Em um momento de escândalos com a Igreja, me volto para você, que é leigo, solitário, amador


CARO X ..., Num momento em que aparecem tantos escândalos envolvendo a Igreja Católica, meus pensamentos se voltam para você, que é leigo, solitário, amador. Você faz parte da vasta maioria de pedófilos que (como lembrou João Pereira Coutinho neste espaço) afinal não fazem parte do clero.
Sua vida deve ser bem difícil. A sociedade não confia em sua vocação para cuidar de escolas, reformatórios, creches e outras obras assistenciais. Você não tem, por assim dizer, um rebanho cativo ao qual dedicar suas atenções.
Claro, você pode ser professor de canto coral, animador de festas infantis, diretor de colégio público, voluntário de ONGs dedicadas ao menor carente. Mas quantas vezes você terá de mudar de cidade, recomeçar sua carreira profissional e forjar cartas de recomendação ao longo da vida? Em caso de rumores, de flagrantes, de denúncias, a quem você pode recorrer? A bons advogados? Eles cobram muito.
E se você tiver de chegar a algum acordo com a família das vítimas?
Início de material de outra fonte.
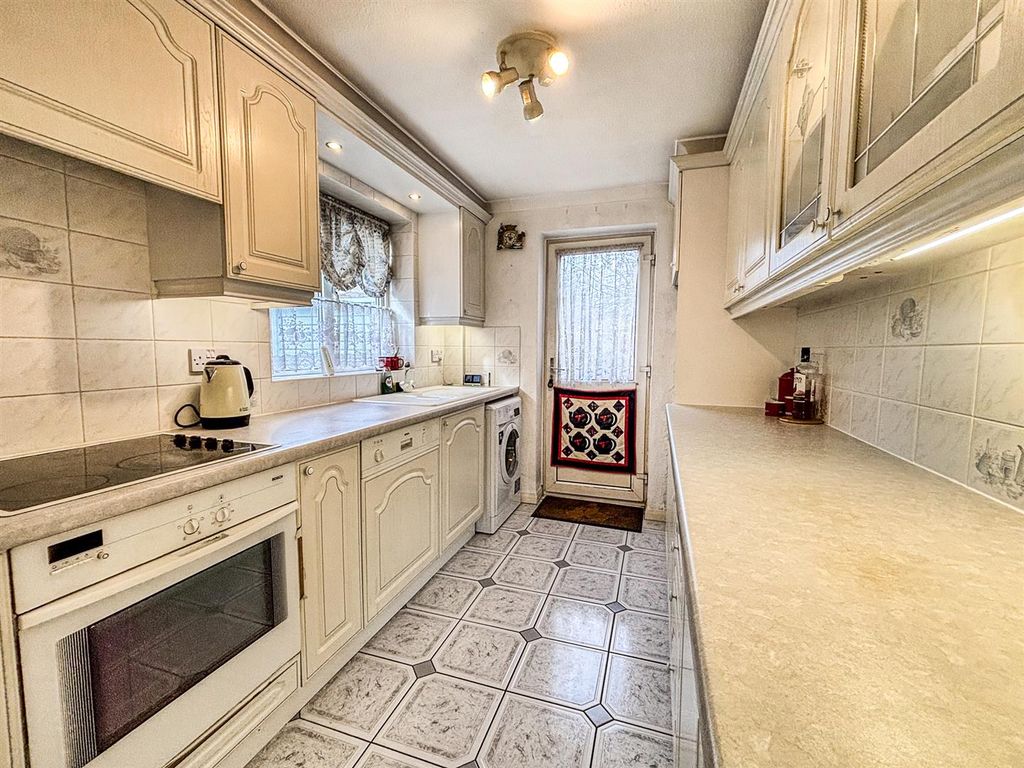 Property photo 3 of 17 Kitchen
Quem pagará a indenização devida? Não, meu caro pedófilo amador, você estará sozinho nesta hora. Não conta com a proteção de nenhum bispo, nenhum papa.
Não contará com uma rede de amigos capazes de dizer que está em curso uma campanha difamatória. Não pode reclamar do anticlericalismo da imprensa. Não haverá quem lhe arranje um breve tratamento ou uma longa sinecura se você se declarar arrependido do que fez. Aliás, se não for muita indiscrição de minha parte, o que foi que você fez, exatamente?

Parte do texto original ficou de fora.